Sum. theol., Ia, q. LXI, a. 4. Encore remarque-t-il bien que ces témoignages sont discordants. Tous trois s’accordent à admettre que le ciel empyrée est le séjour des élus ; mais les raisons qu’ils invoquent à l’appui de cette opinion sont loin d’être identiques. Cette raison, qui est toute de convenance, saint Thomas croit pouvoir la trouver dans sa vaste et belle conception de la finalité du monde et de l’unité des êtres. Du moment que Dieu avait destiné les saints à une double gloire, spirituelle et corporelle, il était dans l’ordre des choses qu’un séjour spécial et particulièrement glorieux leur fût réservé. D’ailleurs, l’ensemble des créatures matérielles et spirituelles constitue un seul et même univers. Les anges ont pour mission de présider,
en vertu de leur nature immatérielle, au mouvement de toute la nature corporelle : il convenait dès lors qu’ils fussent placés dans le lieu suprême qui domine tous les mondes et qui réunira ainsi tous les élus. Sum. theol., Ia, q. LXI, a. 4, q. LXI, a. 3.

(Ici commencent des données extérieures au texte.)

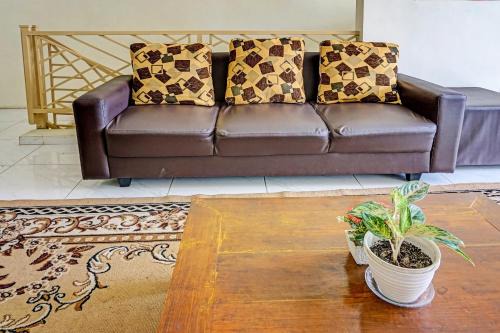 Dinoyo Hotel | Budget-Friendly Stay at OYO 91707 Jannah Homestay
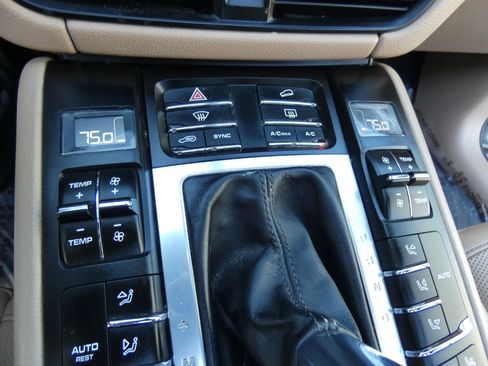 Used 2019 Porsche Macan image 57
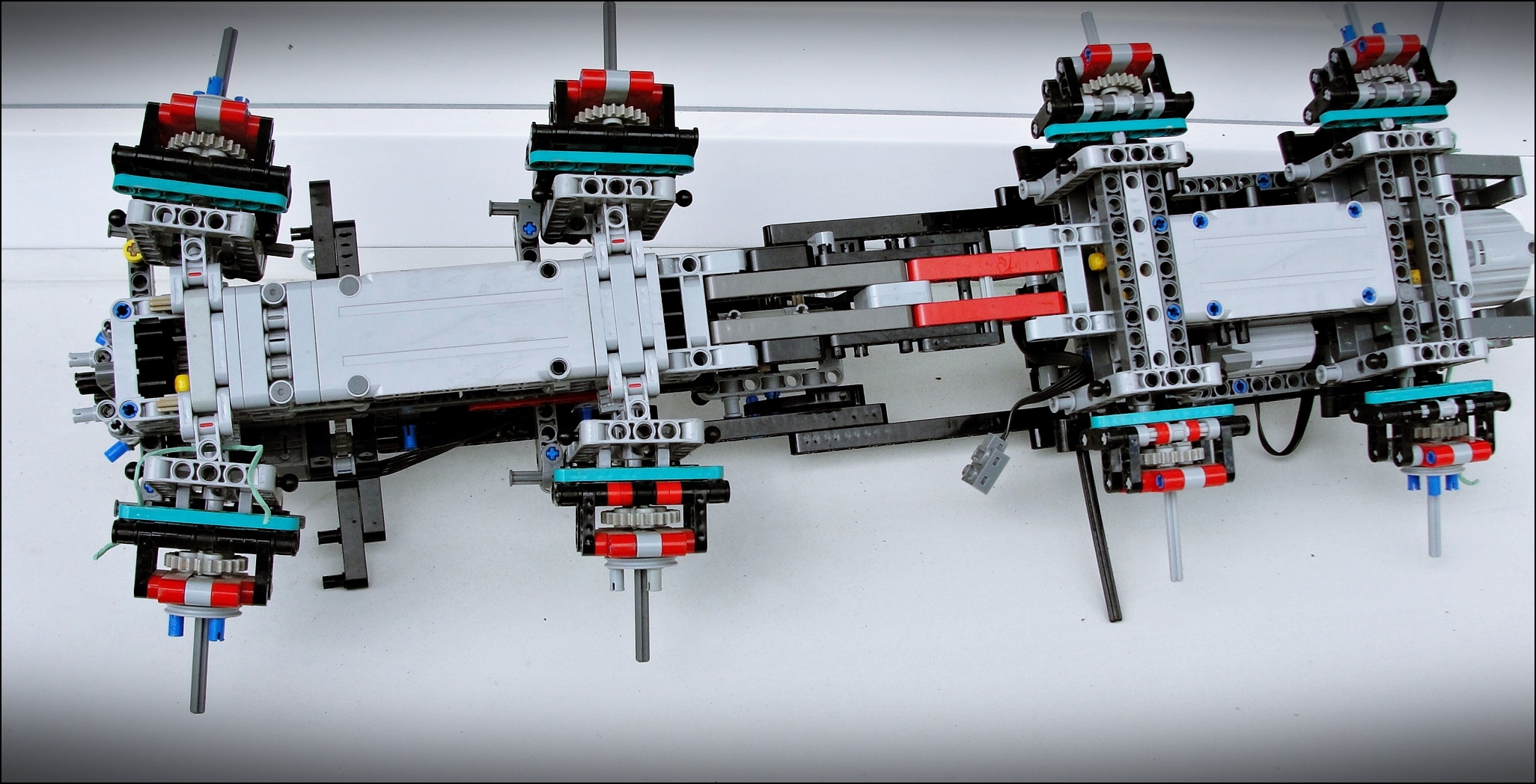 t813-frame-14.jpg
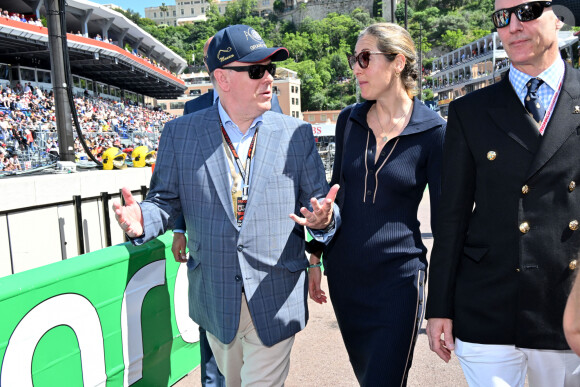 Le prince Albert II de Monaco et Sarah Jane Skinner, la directrice partenariats pour la Marine Blue Foundation, durant la journée des qualifications du 81ème Grand Prix de Formule 1 de Monaco, le 25 mai 2024. © Bruno Bebert/Bestimage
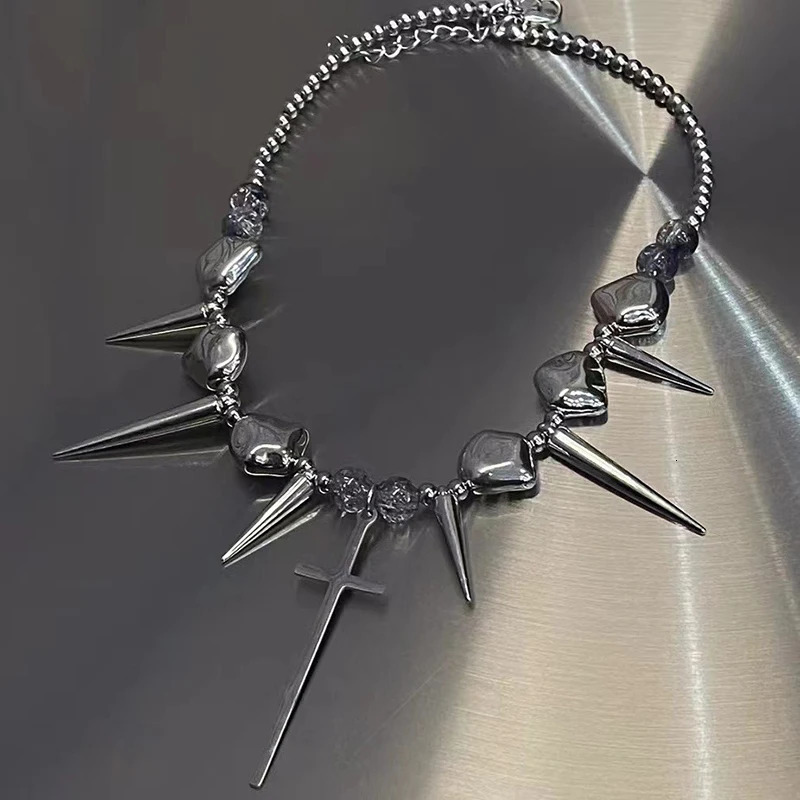 Retro Y2K Long Spike Rivet Necklace Stainless Steel Cross Hip Hop Necklace for Women Vintage Grunge Style Party Jewelry 250716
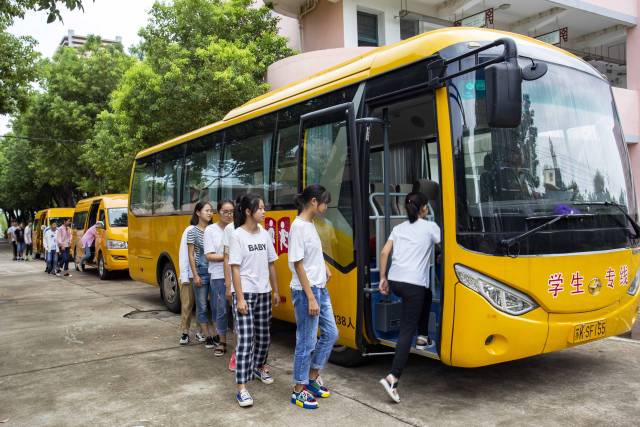 9月1日,在江苏省扬州市江都区武坚镇中学当天报名的同学试乘电动校车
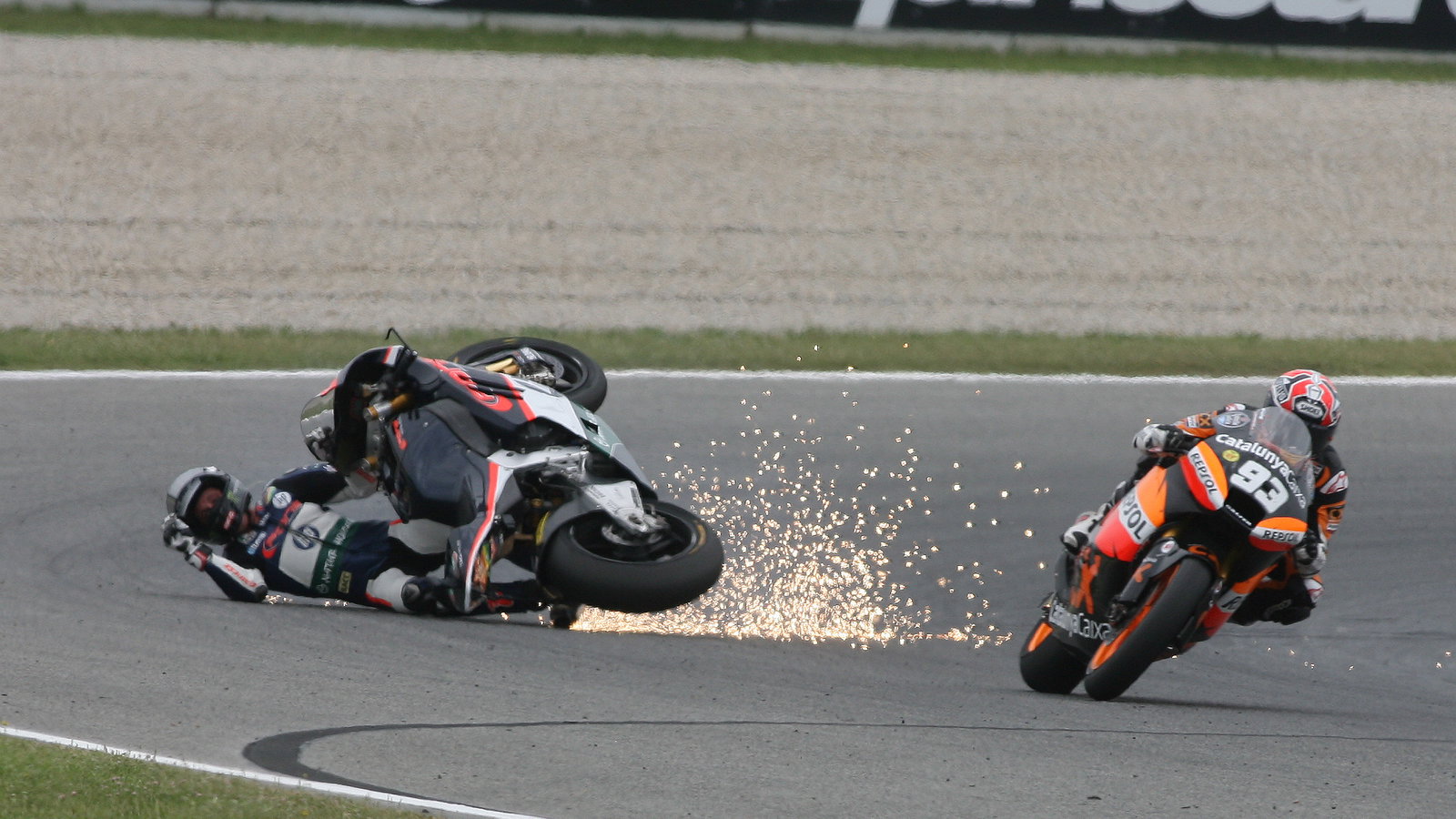 Pol Espargaro crashes, Moto2, Catalunya MotoGP 2012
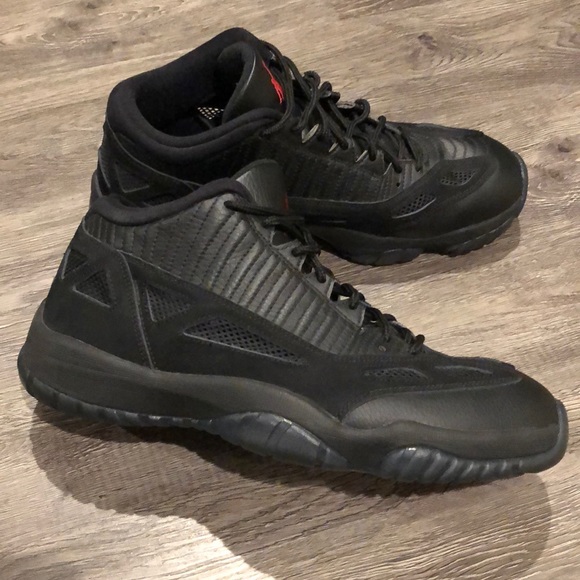 Jordan Other - Jordan 11 Low ‘Referee’ worn a few times, w/box!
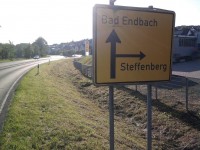 Hier gehts von der L3050 auf die L3049 die Straße heißt &quot;Am Briel&quot;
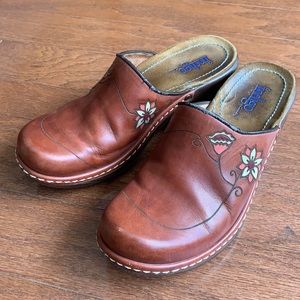 Indigo by Clarks Boho Brown Leather Embroidered Clog Comfort Slip On Size 6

De ces pensées s’inspireront tous les docteurs des âges suivants. Cf. Richard de Middletown, Super IV Sent., l. II, dist. II, a. 3, q. I, Brescia, 1591, t. II, p. 43 ; Duns Scot,
In IV Sent., l. II, dist. XIV, q. I, Anvers, 1620, t. II, p. 191 ; Durand de Saint-Pourçain,
In IV Sent., l. II, dist. I, q. I, n. 3, Lyon, 1569, p. 142, Biel, In IV Sent., l. II, dist. XIV, Brescia, 1754, p. 91 ; Suarez, De opere sex dierum, l. I, c. IV, Paris, 1856, p. 21-27. Tous admettent l’existence du ciel empyrée, mais en faisant observer presque tous qu’il s’agit seulement d’une hypothèse acceptable. Durand déclare catégoriquement que sur cette question notre science n’a pour garantie que le témoignage extrinsèque, et non celui des choses et de la raison. Ibid., q. II, n. 3, p. 114 sq. Cajetan rejetait même, au nom de l’Ecriture et de la tradition, l’existence du ciel empyrée. Empyreum siquidem cælum, a posterioribus traditum, nullibi invenitur in Scripturum. Comment. in II ad Cor., c. XIII, Paris, 1532, p. 113.
De très rares esprits se livrèrent, sans la réserve commandée, à des spéculations dont ils ne mesuraient pas scientifiquement la valeur. Le nom de Pierre d’Ailly est mêlé à ces aventures. Sur l’accord de l’astronomie et de la théologie, il écrivit un opuscule où figure la représentation graphique du ciel au commencement du monde. Concordia astronomiæ cum theologia, verbum XX : figura cæli tempore principii mundi, Augsbourg, 1490, p. C, 4.
Aux professeurs de théologie il recommande vivement, pour l’honneur et le profit de la république chrétienne, l’étude de semblables questions. Nec decens existimamus esse vel utile poline christiane theologicæ scientæ professores ea quæ in dictis tractatibus scripta sunt penitus ignorare. Capitulum XL, ibid., ad calcem. Mais, sous cette forme affirmative,
ces excès spéculatifs constituent l’exception, et il convient de reconnaître que les professeurs de théologie, même décadents, suivirent avec beaucoup de modération les conseils plutôt tumultueux et déconcertants de Pierre d’Ailly.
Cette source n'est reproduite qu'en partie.